経団連くりっぷ No.92 (1998年12月24日)

日本ブラジル経済委員会(委員長 室伏 稔氏)/11月27日

財政安定化計画の実現に強い決意

−第2次カルドーゾ政権の経済政策についてランプレイア・ブラジル外務大臣と懇談


来日したブラジルのランプレイア外務大臣を迎え、昼食懇談会を開催した。大臣は第2次カルドーゾ政権の最重要課題として、財政安定化計画の実現をあげた。そして、99年は厳しい経済運営を強いられるが、これを乗り切ればブラジル経済はふたたび成長軌道に戻ることが可能であると強調した。

  1. ランプレイア外務大臣説明要旨
  2. ランプレイア外務大臣

    10月の大統領選挙キャンペーン中、カルドーゾ大統領は経済危機を乗り越えるため、当選後は厳しい緊縮財政とすることを明言していた。にもかかわらず1回目の投票で当選したことは、有権者が大統領のリーダーシップを認めたということであり、注目に値する。
    国会では与党が多数を占めたが、いくつかの重要な州知事選挙で野党が勝利した。州レベルでも緊縮財政により財政赤字の解消を目指すべきであり、与野党の協力でこの危機を乗り越えねばならない。
    経済面では、インフレ率は5年連続して低下している。また民営化により、現在までに約680億ドルの収入が国庫に入り、今後も400億ドルを超える収入が見込まれている。民営化は財政赤字の一部解消と国内産業のリストラをもたらした。市場開放政策により、90年代の初めには6%程度であった輸入品のシェアは、現在20%程度と約3倍になっており、輸入品との競争によって、国内産業の生産性が大幅に向上した。95年以降の海外からの直接投資は500億ドルに上っているが、うち半分にあたる250億ドルが98年に投資されたものである。
    他方、マイナス面としては、経常赤字および財政赤字のいわゆる双子の赤字の問題がある。この問題の解決は第2次カルドーゾ政権の最重要課題であり、その意味で今回のIMFとの合意内容を今後の経済政策の指針とし、財政の健全化を進めていく。短期的な目標としては、現在GDP比7%に達している財政赤字を、99年に4.7%にまで削減する。
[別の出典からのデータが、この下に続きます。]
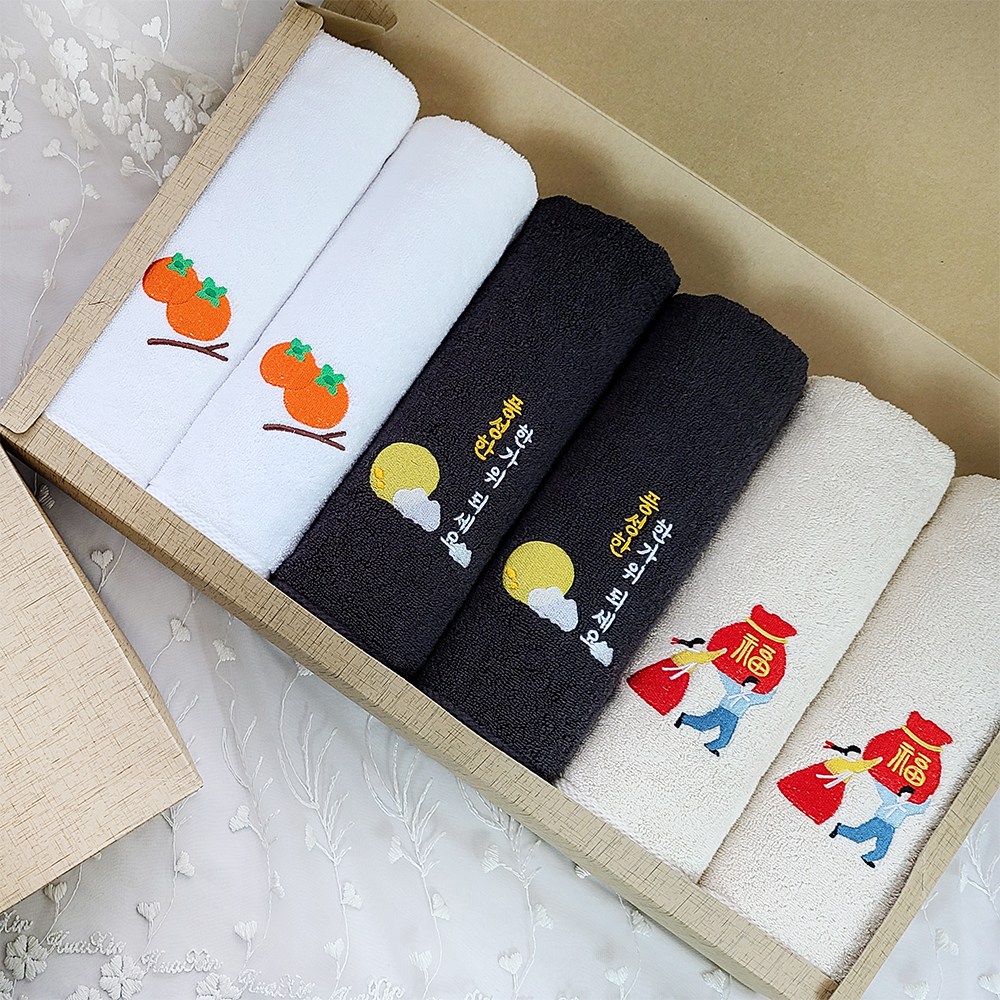 리빙유진 추석선물 고급 자수 수건세트(+손잡이 선물박스) / 단체주문 가능, 1개 25,900원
また公共債務残高をGDP比46%に下げることを目指しているが、これはマーストリヒト条約が通貨統合への参加の条件として掲げている60%よりはるかに低い数字である。
    経済安定化政策を前倒しして実施するため、99年は緊縮財政により厳しい年となることが予想されるが、これを乗り越えれば、ブラジル経済は安定を取り戻す。特に、現在50%近い高金利をできるだけ早い時期に、危機が発生した8月以前のレベルまで低下させることが重要と考える。
    対外要因では、米国の好景気が持続するか、欧州やアジア経済の回復が軌道に乗るか等が、ブラジル経済に大きな影響を及ぼすことになろう。

  3. 質疑応答
  4. 経団連側:
    最近、日伯経済界は以前に比べ相互に対する関心が薄れているのではないかという声を耳にするが、両国企業の関係をどう見ているか。
    ランプレイア大臣:
    原因として考えられるのは、第1に、日本企業は70年代にはブラジル経済の中で大きな地位を占めていたが、ブラジルにおける80年代の経済混乱や最近の経済危機等が原因で、日本企業のブラジルに対する信頼が揺らいでいるのではないかということである。これに対し、ブラジル政府は現在実施している経済対策の実効性を高め、信頼の回復に努める。第2に、従来日本企業がパートナーとしてきた国営企業の民営化により、状況が変わったということである。この点については、日本側が状況を理解し、認識を改め、適切な対応をとることを期待している。第3は、現在の両国の経済事情である。ブラジルの経済回復、安定化のプロセスは、自国のみならず少なくとも南米を視野に入れて地域的に進める。地域経済統合は現在は通商面が中心だが、今後エネルギー、流通などの面へ拡大していきたい。具体的には天然ガス、石油、電力の相互融通などを想定している。

    経団連側:
    日本経済、特に金融システム不安に対するブラジル側の見方はどうか。
    ランプレイア大臣:
    金融セクターで重要なのは健全性の確保である。現在の超リベラルな市場に任せていては良い結果は得られないだろう。日本において、金融機関に対する公的資金投入について批判の声があることは承知しているが、国民の金融機関に対する信頼が失われることの方が問題である。公的資金を活用して信頼の回復ができれば、良い税金の使い方ではないかと思う。

    経団連側:
    米州ではNAFTA、メルコスールを核とした地域経済統合があり、他方、メルコスールはEUと自由貿易協定を締結することを目標とした枠組協定を結んでいる。こうした中、アジア、日本に対する関心が相対的に低下しているのではないか。
    ランプレイア大臣:
    地域経済統合について、ブラジルが正式にコミットしているのはメルコスールのみである。FTAA(米州自由貿易地域)はブラジルにとって優先度の高いものではなく、またEUとの関係は、FTAAとのバランスを取るためのものと考えている。ブラジルは多方向の通商に目を向けており、伝統的な友好国である日本を除外しようなどという考えはまったくない。

    経団連側:
    現在、江沢民国家主席が中国からの最初の国賓として来日しているが、ブラジルと中国の関係はどうか。
    ランプレイア大臣:
    両国の外交関係は比較的新しいが、良い方向に進んでいる。優先的な課題が2つある。第1はエネルギー、電力関係で、ブラジルの水力発電や長距離送電の実績に中国が興味を示している。第2は宇宙開発の分野で、衛星の共同開発やロケットの共同打上げ等を考えている。
    他方、通商面では中国の関税が高いことが障壁となっている。ブラジルが競争力を持っているオレンジ、インスタントコーヒー、植物性油脂、大豆等を中国に売りたいと考えているが、結果は芳しくない。